Die Gewinne der Unternehmen bewegen sich immer noch auf einem sehr hohen Niveau, auf dem sie aber vermutlich nicht bleiben werden und die wichtigsten Einflussgrößen auf die Aktienmärkte, nämlich Zinsen und Liquidität, lassen nichts Gutes erwarten.

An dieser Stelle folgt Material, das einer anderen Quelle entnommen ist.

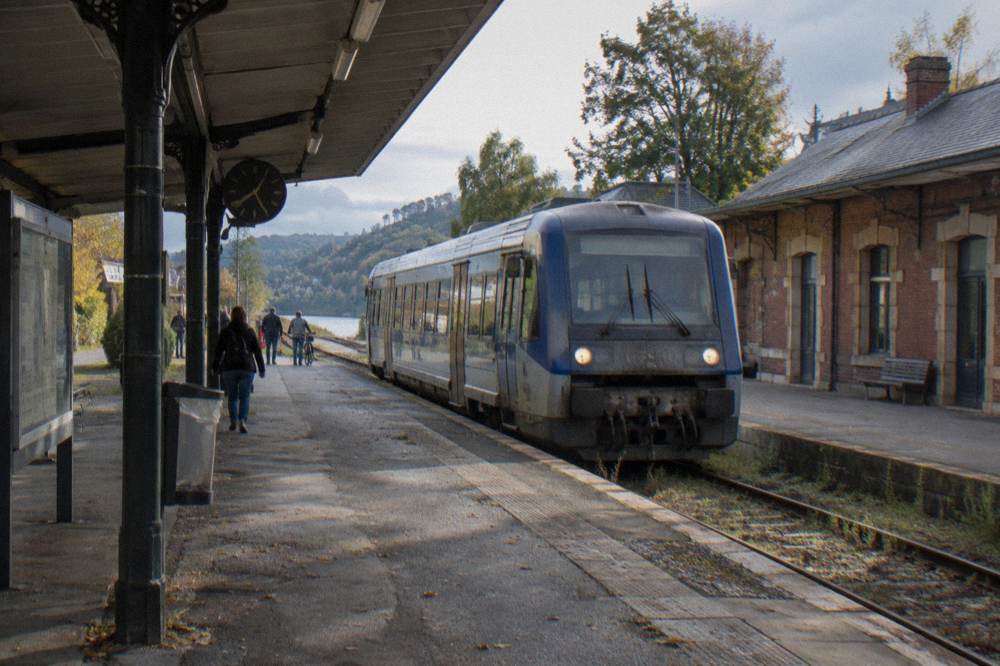 Railway platform at Vernon station with a regional train at morning light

Die konjunkturellen Frühindikatoren deuten weltweit auf eine wirtschaftliche Abschwächung hin. Chinas Einkaufsmanagerindizes liegen sowohl im Industrie- wie im Dienstleistungssektor bereits im kontraktiven Bereich. Die harte Lockdown-Politik zur Bekämpfung des Omikron-Virus lastet schwer auf der Konjunktur. Man schätzt, dass der Lockdown in der wichtigen Shanghai-Region bereits mehr als 2% Wachstum gekostet hat. Und anstatt die Führung bei BioNTech und Moderna wirksame Impfstoffe bestellt, beharrt sie auf ihrer harten Coronapolitik. Gleichzeitig erlaubt die Immobilienblase abgesehen von verbalen Versprechungen keine starken geld- und fiskalpolitischen Impulse. Über die erneut massiv gestörten Lieferketten wird vor allem die europäische Wirtschaft und hier vorneweg Deutschland getroffen.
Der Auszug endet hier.